Bir de seyirciliği aşan taraftarlık vardır. İnsan anaya babaya, akrabaya, içinde yaşanılan şehire, ana dile taraftar olabilir. Bir adam Kürt’tür, Türk’tür, İngiliz’dir, İslâmî ölçüleri içinde kendi ırkına ve diline önem verebilir. Ama rakip takımları düşman gibi görmek, onların en büyük olduklarına ilişkin slogan atmak, aleyhte tezahüratlar yapmak, aşırı sevinç ve elemler içine girmek… Bütün bunlar helâl eylemler değildir. Yer yer de haramlara düşürücüdür.
Taraftarlığı kavgaya taşımak ise açık haramdır. Tarafgirlik zaten spor da değildir.
Futbol Spor Olmaktan Çıkarılmıştır
Futbol üzerinde durmak gerekirse, Peygamberimiz döneminde Kurrek adı verilen bir tür ilkel futbol oynanırdı, gençler arasında izlenirdi de. Peygamberimiz de yasaklayıcı bir ölçü koymadı. Bu sebeple Futbol oynanabilir. Gençler bir araya gelir futbol oynayabilir. Yaşlılar da yürekleri yetiyorsa oynar. Ama futbol yirminci asırda batıl bir din haline getirilmiştir. Bu gün futbol dini diyebileceğimiz batıl bir olgu ile karşı karşıyayız. Futbol dininin tarihi dönemin Uzza, Menat ve Hubellerini andıran putlaştırılmış idol futbolcuları var. Stadyumlar da mabetleştirilmiştir. Milyonlar trans haline geçerek futbol izliyorlar. Futbol haberleri, programları, dedikodular vs. tam bir faciadır. Futbol artık bir spor değildir. Sanayi dalı, yatırım alanı, reklam aracı, haram kazanç vesilesi olmuştur. Futbol ve at yarışları artık kumar sektörüdür de.
Futbol çok büyük ölçüde yöneticiler ve emperyalist güçler tarafında kitleleri uyutma aracı olarak kullanılmaktadır. Ayakta uyutulan yüz milyonlar ülkelerinin örneğin faiz düzeniyle nasıl sömürüldüğünü anlayabilirler mi? Onlar dizi filmlerle inançlarımızın ve ahlâkımızın nasıl dejenere edebildiğinin farkına varabilirler mi?

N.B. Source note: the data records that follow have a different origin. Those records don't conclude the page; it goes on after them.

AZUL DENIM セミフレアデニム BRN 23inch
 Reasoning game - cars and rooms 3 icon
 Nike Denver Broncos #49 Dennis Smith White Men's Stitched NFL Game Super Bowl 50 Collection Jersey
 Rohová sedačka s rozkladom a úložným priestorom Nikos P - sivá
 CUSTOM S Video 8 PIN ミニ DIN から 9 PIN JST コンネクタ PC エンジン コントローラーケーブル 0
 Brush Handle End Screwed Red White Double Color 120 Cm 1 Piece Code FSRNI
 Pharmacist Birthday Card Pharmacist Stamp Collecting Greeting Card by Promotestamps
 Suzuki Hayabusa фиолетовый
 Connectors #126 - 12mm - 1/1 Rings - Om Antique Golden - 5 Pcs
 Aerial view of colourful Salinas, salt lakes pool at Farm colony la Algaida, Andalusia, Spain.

Spor Yarıştır, Ebedi Hayat İçin Yapılacak Yarışlara Eklemlenmelidir
Sevgili Okuyucu, sporun bütün dalları, doğasında yarış olan bir tür eğlencedir. Sporcular yarışır, birbirlerini mağlup ederek ödül alır, profesyoneller aylık ve transfer ücreti alır vs. Alınan ücretlerin spor dallarına göre ayrılması ve helâliyetlerinin de tartışılması gerekir.
Bütün sportif müsabakalar ebedi hayatımız için yapmamız gereken güzel ameller yarışı içindeki küçük yarışlardır. Asıl olan ebedi hayatın kazanılması için vermemiz gereken yarıştır.
Rabbimiz yaratılış amacımızı şöyle açıklar:
“Ölümü ve hayatı yaratan Allah, hanginiz daha güzel ameller yapacak diye sizi denemeye uğratmak için Yüce Allah ölümü ve hayatı halk etti.
Rabbimiz güzel ameller için yarışmamızı da şöylece emreder
“…İslâmî çizgide hayır yarışına girin…” ( el-Maide 48)
“Rabbinizin affına ve cenneti ermek için koşuşun/yarışın…” (A.İmran 133; el-Hadid 21)
Biz sportif küçük yarışlarımızı da İslamileştirelim ki Ebedi Hayat yarışımıza zarar vermesin mutluluğumuza katkı versin.